At Westminster to speak to a science committee, Carmichael falls into conversation with a handsome man who has a mysterious job with the government. Soon they are engaged in a passionate affair involving high risk and exhibitionism. “Civilised”
Dr Carmichael is consumed by lust, and willing to risk her fine reputation and her marriage.
But a violent incident threatens to turn this affair from adultery into something far darker.
Emily Watson is wonderful here as the quietly frustrated Carmichael, who works dutifully in her office each day then goes home with the shopping to her nice middle-class life where nothing troubling ever happens.
It’s a life of satisfaction and peace – and that key word “civilised” – and yet we see how quickly it can all be derailed by sex.
CALL THE MIDWIFE, BBC1, 8pm
THIS drama, which is on immediately before Apple Tree Yard, is surely its polar opposite.
It’s gentle, sentimental and soppy and is something a family might watch together – just be sure to pack the children off to bed before the very sexual Apple Tree Yard comes on.
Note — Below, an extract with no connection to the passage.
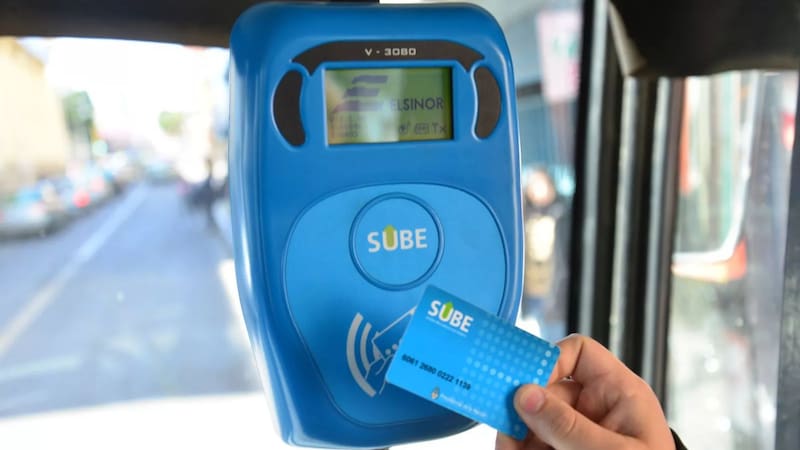 Sube el boleto de subtes y colectivos: cuánto saldrá viajar a partir de ahora y cuándo es el próximo aumento confirmado
Fuente: Archivo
A new series starts tonight and it feels like the thousandth, though is apparently only the sixth. How many more combinations of babies, nuns and happy tears can there be?
Everyone is back in London tonight after the visit to Africa which was the setting for the Christmas special.
They arrive to find a new nun in charge of Nonnatus House and she’s rather severe and intends to put an end to nice lunches.
Away from these mildly comic scenes we step out into the harsher world where the midwives must try to help a mother who, along with her young son, has been the victim of domestic violence.
Her husband is due to be released from prison and she is in need of support.